Extracted records:
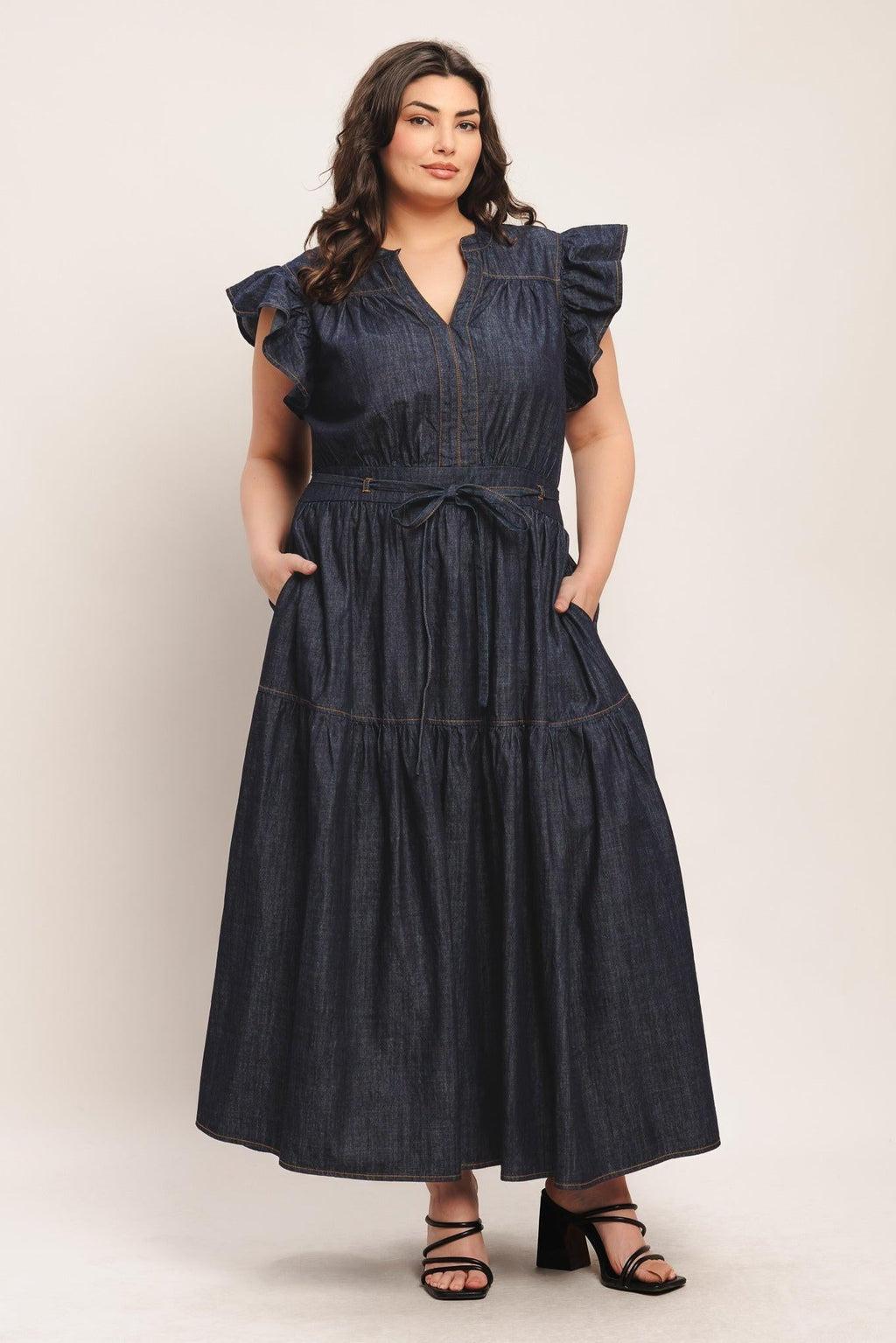 POWER DENIM GODDESS DARK INDIGO MIDI DRESS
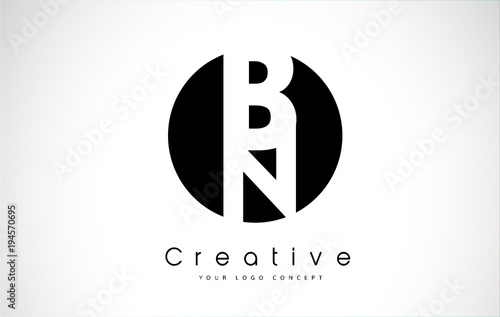 BN Letter Logo Design inside a Black Circle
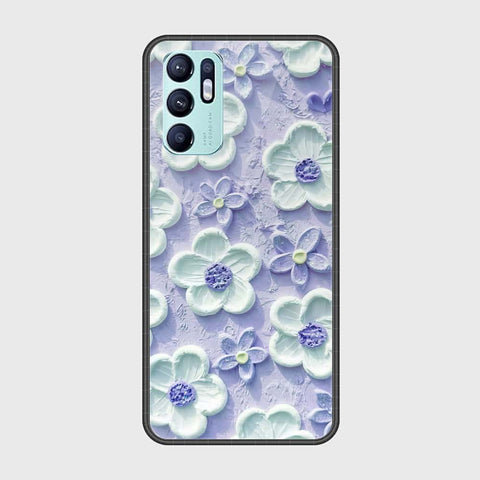 Oppo Reno 6 Cover - Floral Series - Design 4 - Purple & White - HQ Ultra Shine Premium Infinity Glass Soft Silicon Borders Case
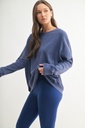 WAFFLE RIBBED ROUNDNECK PULLOVER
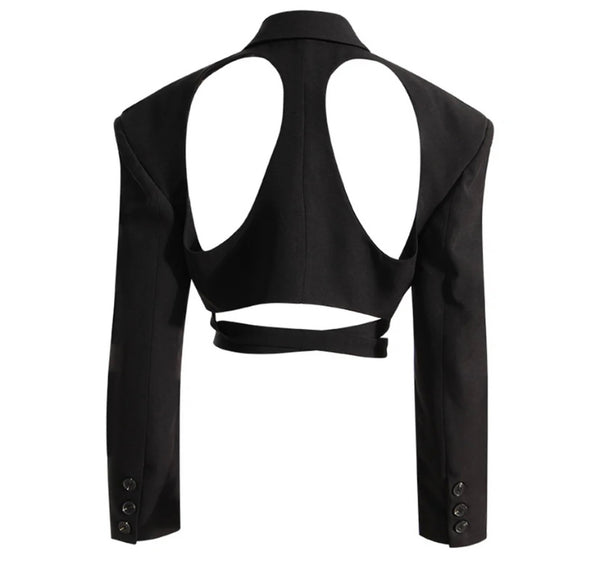 Women Sexy Black Full Sleeve Cut Out Lace Up Blazer Crop Top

**TASK INSTRUCTIONS**
The lines from the one containing "WAFFLE RIBBED ROUNDNECK PULLOVER" to the last line of the records, both included: print exactly those and nothing else, leaving out any pictures.

**SOLUTION FOR THIS TASK**
 WAFFLE RIBBED ROUNDNECK PULLOVER
 Women Sexy Black Full Sleeve Cut Out Lace Up Blazer Crop Top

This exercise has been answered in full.